- _What to produce_
Copy the data that follows exactly. Include no pictures.

[[ Exercise data open ]]

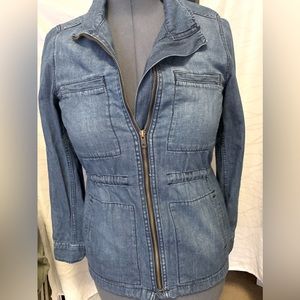 👖Vintage Gap Womens zip up Denim Jacket Small 24 inches long great shape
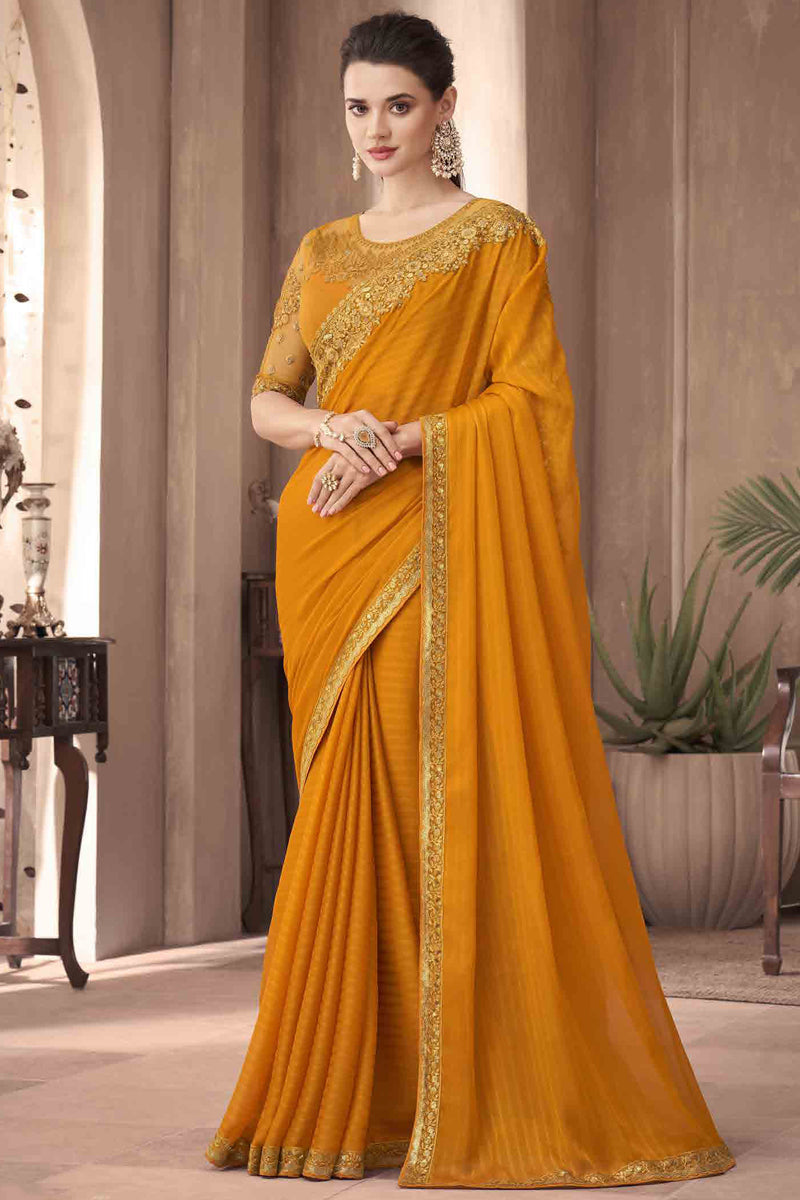 Eugeniya Belousova Stunning Border Work Mustard Color Art Silk Fabric Saree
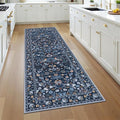 HEBE Washable Hallway Runner Rug 2'x 6' Non Slip Kitchen Rugs Runner,Low Pile Entryway Rug Laundry Room Mat Floral Carpet Runners for Hallways, Kitchen,Bathroom,Laundry,Bedside Rug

[[ Exercise data closed ]]

- _Problem solution_
 👖Vintage Gap Womens zip up Denim Jacket Small 24 inches long great shape
 Eugeniya Belousova Stunning Border Work Mustard Color Art Silk Fabric Saree
 HEBE Washable Hallway Runner Rug 2'x 6' Non Slip Kitchen Rugs Runner,Low Pile Entryway Rug Laundry Room Mat Floral Carpet Runners for Hallways, Kitchen,Bathroom,Laundry,Bedside Rug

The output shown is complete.